Cuando, con cara de estúpido, confieso que yo no sé ni uno solo y que, además, si alguno supiera lo convertiría en un fracaso porque mis dotes de narrador son muy escasas, creen que les estoy tomando el pelo y, con una palmada en el hombro, me acusan de mentiroso.
Ante mi obstinado silencio, viene su arrepentimiento por haberme convocado a una reunión que prometía ser divertidísima y se va tornando aburridísima, ante lo cual, ¡por fin!, terminan por ignorarme y continúan en su labor de exprimirse el seso para acordarse el último de Nina Pacari o el primero contra la suegra.

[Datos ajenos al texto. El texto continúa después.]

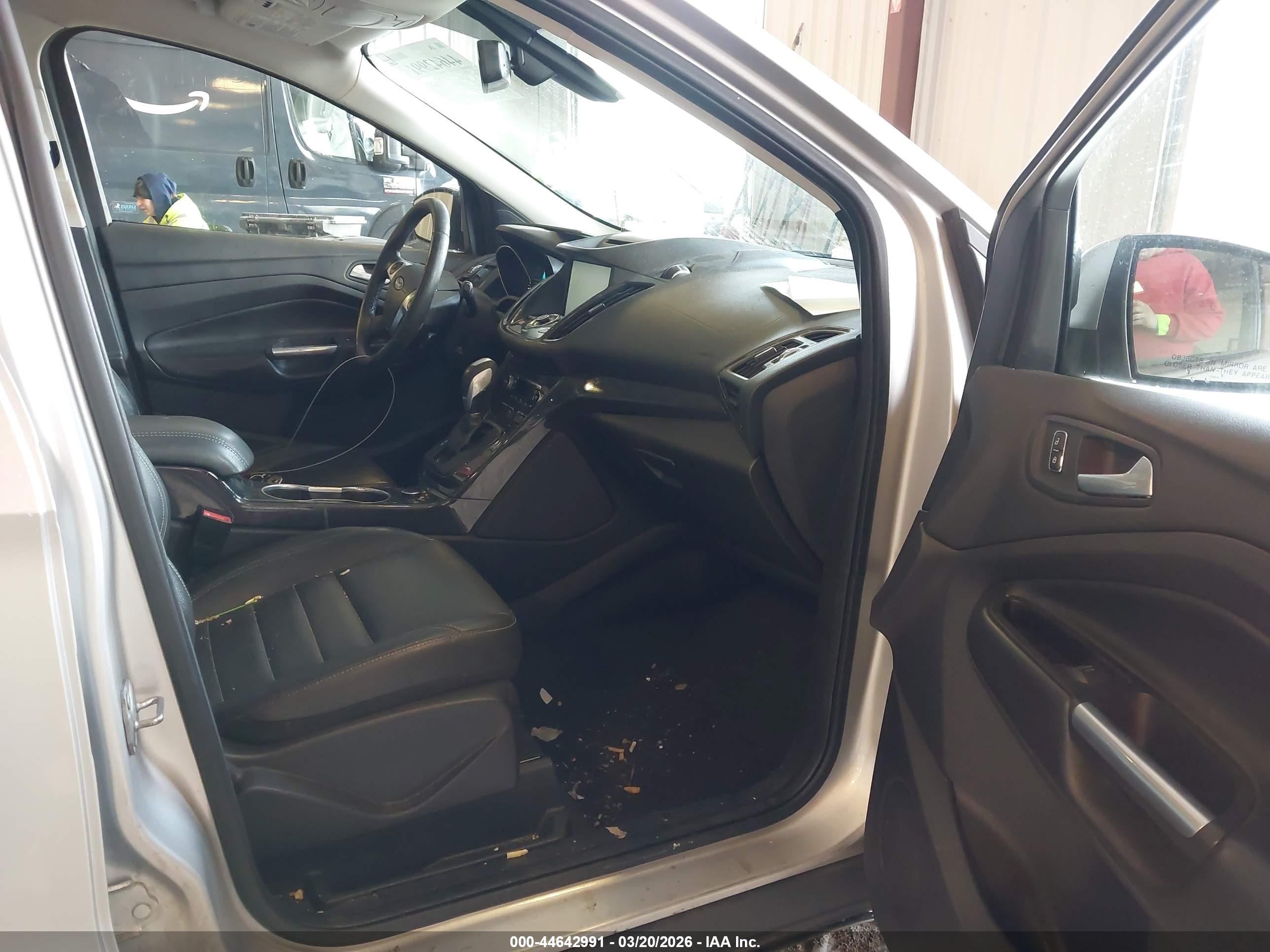 2014 Ford Escape Titanium Серебряный vin: 1FMCU9JX7EUC07241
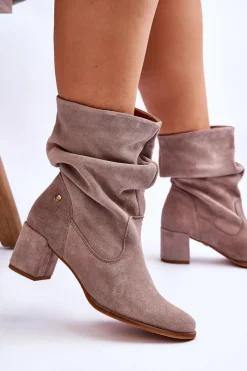 Discount Maciejka Zamszowe Wsuwane Botki 06005-10 Ciemnobeżowe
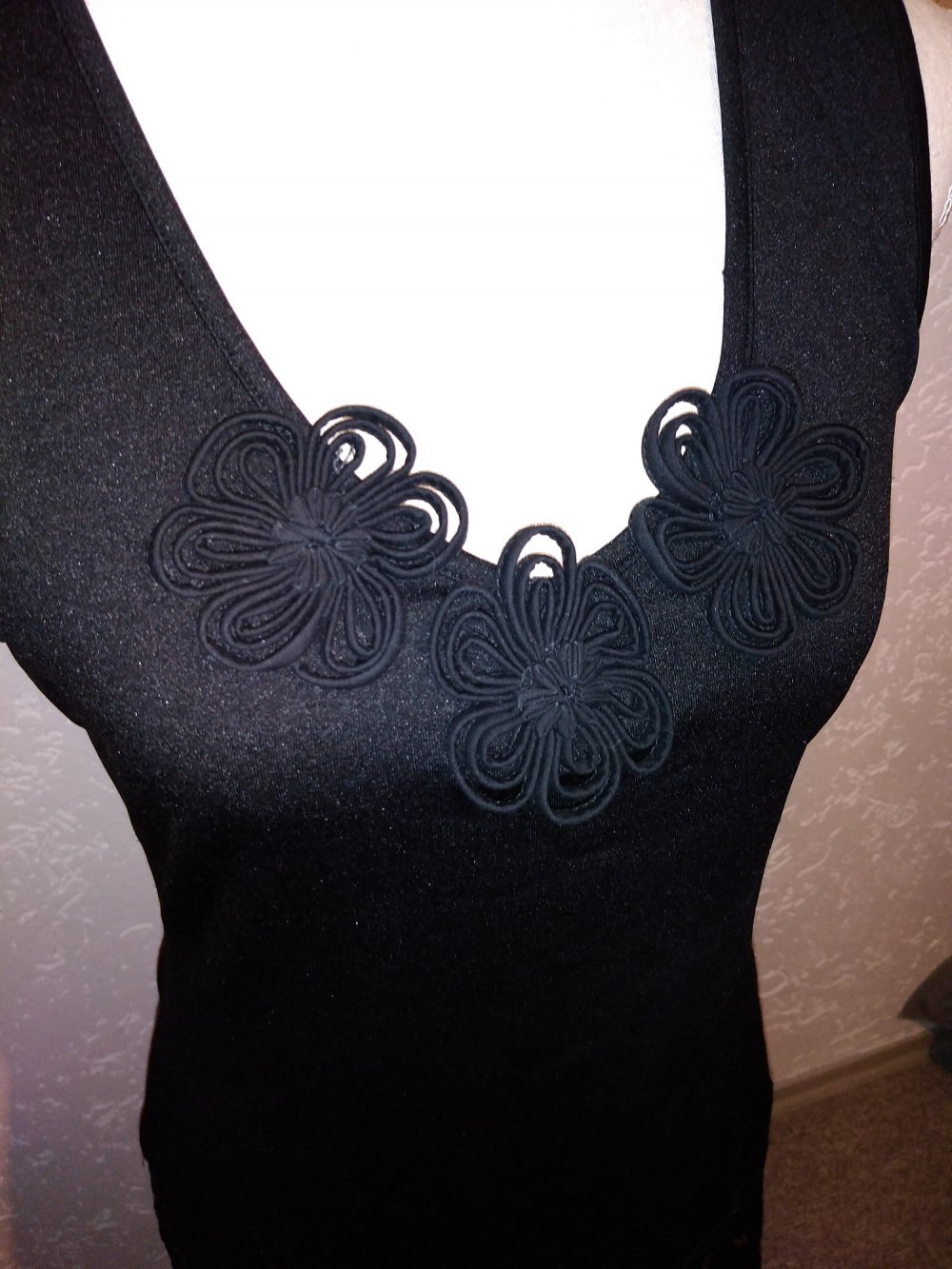 40, Top, Spitze, 3D-Blumen, schwarz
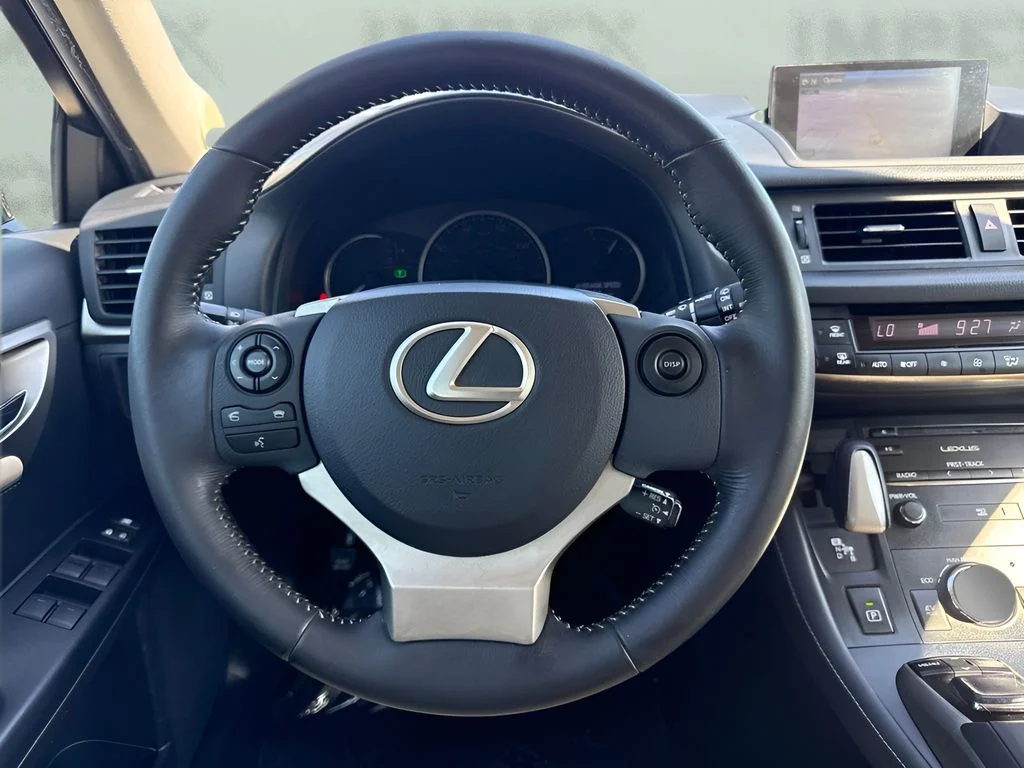 Used 2015 Black Lexus 200h image 14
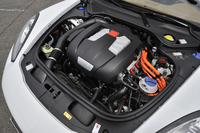 ハイブリッドパワーユニットは直噴の3リッターV6スーパーチャージャー付きガソリンエンジン（333ps、44.9kgm）と交流同期モーター（95ps、31.6kgm）で構成される。システムの最高出力は416ps（306kW）で最大トルクは60.2kgm（590Nm）。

Sí: que le confundan con un chistoso profesional es el primer riesgo de cualquier humorista.
El segundo, que apenas oigan que sale de los labios una frase, se rían, por más seria que esta sea. Uno tiene que pasar largo tiempo explicando que lo que acaba de decir es lo más sesudo que se le ha ocurrido en mucho tiempo. Verdaguer, el gran humorista uruguayo, decía que su matrimonio iba muy bien hasta que su mujer descubrió que él era humorista; desde entonces cambió su vida porque ahora ella “se ríe de todo lo que yo hago”.
Comentaba este asunto con Roberto Fontanarrosa, el excelente escritor y caricaturista argentino, y me decía que la gente confunde los roles y cree que los humoristas “somos animadores de fiestas”. De los que conozco, la mayoría son seres introvertidos. Por ejemplo, sacarle una palabra a Quino, el genial creador de Mafalda, es tarea de titanes. Quino está mucho más cerca de Platón que de Jerry Lewis.
Hay excepciones, por supuesto. El colombiano Daniel Samper es una de ellas. Samper en su vida cotidiana es un “mamagallista” convicto y confeso, tan chispeante y divertido en su conversación como en los maravillosos artículos y libros que escribe. Pero una golondrina no hace verano...
El problema pues, está en confundir el chiste con el humor. El chiste es algo inmediato, circunstancial, efímero, y que desemboca en la risa. El humor es algo mucho más sutil, reflexivo y que, en muchas ocasiones, antes que una sonrisa arranca una lágrima. Roza la tragedia, más que la comedia.
Espero que con esta necesaria aclaración, la próxima vez que me inviten a una reunión todos lleven su pañuelo y comiencen a llorar a moco tendido apenas yo abra la boca y así se convenzan de una vez y por todas de que –ahora sí– están en presencia de un auténtico humorista.